Pannes en série, trains bondés et un déraillement qui aurait pu être gravissime: le gouverneur de New York a présenté jeudi un plan d'urgence pour moderniser le métro de la capitale économique américaine face au mécontentement croissant de ses millions d'usagers.

Rallonge budgétaire d'urgence d'un milliard de dollars, réorganisation de l'agence des transports en commun new-yorkais, la MTA, appel à propositions par-delà les frontières: le gouverneur démocrate Andrew Cuomo, qui se veut le champion de la rénovation des infrastructures de transport, a promis de mettre le paquet pour porter le vieux métro new-yorkais, l'un des plus chargés au monde, au niveau des grands réseaux asiatiques ou européens.
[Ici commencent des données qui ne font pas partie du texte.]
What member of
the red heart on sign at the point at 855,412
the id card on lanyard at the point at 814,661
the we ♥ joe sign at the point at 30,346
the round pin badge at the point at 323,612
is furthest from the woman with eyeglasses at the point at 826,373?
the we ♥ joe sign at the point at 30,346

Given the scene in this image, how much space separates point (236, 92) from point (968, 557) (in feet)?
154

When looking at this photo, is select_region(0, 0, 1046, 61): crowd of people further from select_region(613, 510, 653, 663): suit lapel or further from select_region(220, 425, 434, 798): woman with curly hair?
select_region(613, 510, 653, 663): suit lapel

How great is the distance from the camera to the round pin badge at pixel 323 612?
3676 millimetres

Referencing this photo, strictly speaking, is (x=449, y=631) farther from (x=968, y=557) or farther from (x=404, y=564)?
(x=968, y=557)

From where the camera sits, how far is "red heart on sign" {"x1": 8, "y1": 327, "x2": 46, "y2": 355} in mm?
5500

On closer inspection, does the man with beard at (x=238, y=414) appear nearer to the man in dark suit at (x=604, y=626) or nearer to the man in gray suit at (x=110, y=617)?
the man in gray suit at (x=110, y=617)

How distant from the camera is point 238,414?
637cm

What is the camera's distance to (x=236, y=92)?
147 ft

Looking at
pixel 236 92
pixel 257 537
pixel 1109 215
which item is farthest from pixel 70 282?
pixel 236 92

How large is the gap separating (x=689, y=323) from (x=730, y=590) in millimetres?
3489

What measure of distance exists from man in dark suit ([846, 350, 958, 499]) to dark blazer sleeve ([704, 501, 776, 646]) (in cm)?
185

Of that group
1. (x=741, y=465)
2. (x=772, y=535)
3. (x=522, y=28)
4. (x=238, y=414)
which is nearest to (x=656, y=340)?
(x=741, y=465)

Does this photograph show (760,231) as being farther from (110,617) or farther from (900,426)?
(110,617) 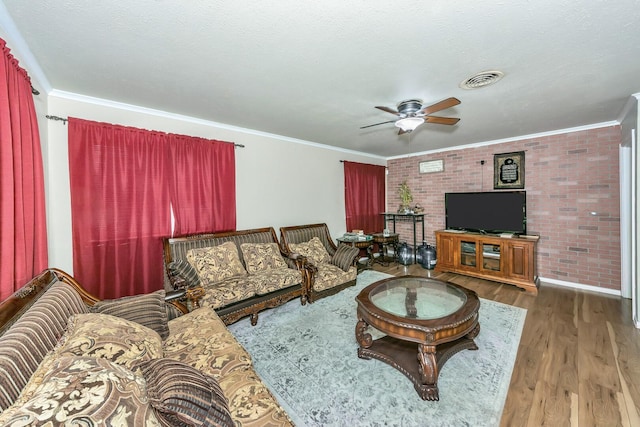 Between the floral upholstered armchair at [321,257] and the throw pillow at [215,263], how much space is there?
2.58ft

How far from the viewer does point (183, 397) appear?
83 centimetres

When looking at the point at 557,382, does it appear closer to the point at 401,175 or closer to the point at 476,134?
the point at 476,134

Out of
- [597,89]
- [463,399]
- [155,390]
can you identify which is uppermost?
[597,89]

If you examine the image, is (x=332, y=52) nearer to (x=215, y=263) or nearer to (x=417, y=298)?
(x=417, y=298)

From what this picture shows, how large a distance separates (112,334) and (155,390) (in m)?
0.53

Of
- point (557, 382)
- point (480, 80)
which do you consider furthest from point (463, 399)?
point (480, 80)

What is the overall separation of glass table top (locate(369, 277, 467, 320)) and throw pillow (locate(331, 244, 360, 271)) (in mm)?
888

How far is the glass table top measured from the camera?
2158 mm

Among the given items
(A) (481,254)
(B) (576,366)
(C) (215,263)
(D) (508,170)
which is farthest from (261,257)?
(D) (508,170)

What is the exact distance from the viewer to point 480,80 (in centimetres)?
211

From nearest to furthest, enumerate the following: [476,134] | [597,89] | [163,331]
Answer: [163,331] < [597,89] < [476,134]

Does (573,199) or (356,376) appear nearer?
(356,376)

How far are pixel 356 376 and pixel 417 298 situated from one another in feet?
3.22

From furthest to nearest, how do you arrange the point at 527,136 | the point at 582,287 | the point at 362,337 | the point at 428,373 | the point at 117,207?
the point at 527,136 → the point at 582,287 → the point at 117,207 → the point at 362,337 → the point at 428,373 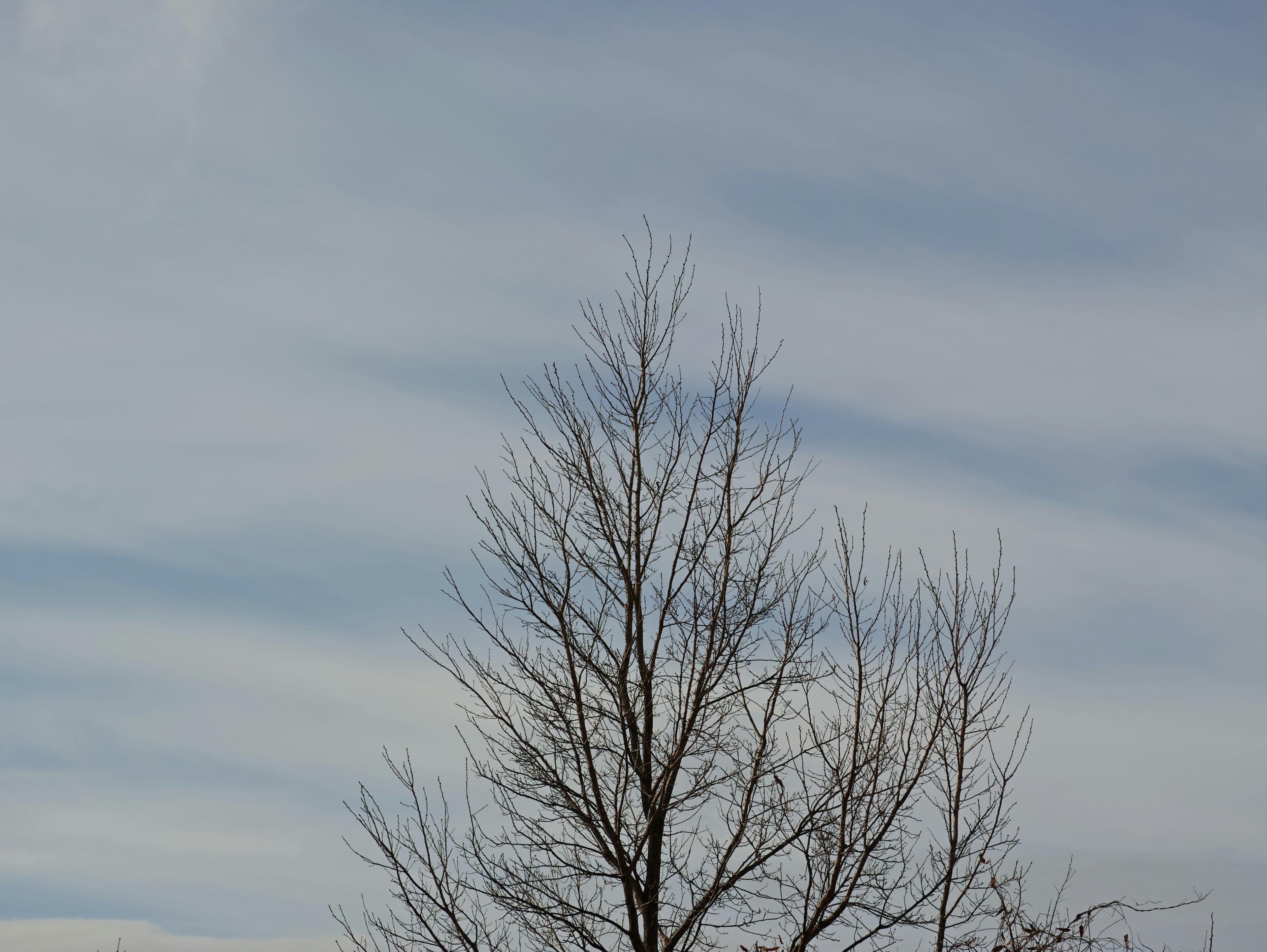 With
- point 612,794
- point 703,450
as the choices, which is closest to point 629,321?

«Nous savons que des décennies de sous-investissement, de report de maintenance et de modernisation ont causé le problème. Il est aggravé aujourd'hui par une poussée du trafic passagers», qui atteint «quelque 6 millions de passagers par jour contre 4 millions dans les années 90», a résumé Cuomo, lors d'une conférence sur les transports en commun à Manhattan.

«Les retards rendent fous les New-Yorkais. Ils sont furieux du manque de communication, de fiabilité et maintenant des accidents», a reconnu le gouverneur, en place depuis 2011 et régulièrement critiqué sur les réseaux sociaux pour les défaillances du système, placé sous sa responsabilité.

Le déraillement d'une rame mardi matin à l'approche d'une station de Harlem l'aura peut-être poussé à agir: si l'accident n'a fait qu'une trentaine de blessés légers, il a causé la panique de nombreux voyageurs, bloqués parfois plus d'une heure dans un tunnel enfumé. Et les critiques dénonçant l'inefficacité du gouverneur sur ce dossier ont décuplé depuis.

De fait, tout le monde reconnaît que le métro new-yorkais, qui tourne 24/24 avec ses 422 stations, est loin de correspondre à l'image de modernité dont se targue la première métropole américaine.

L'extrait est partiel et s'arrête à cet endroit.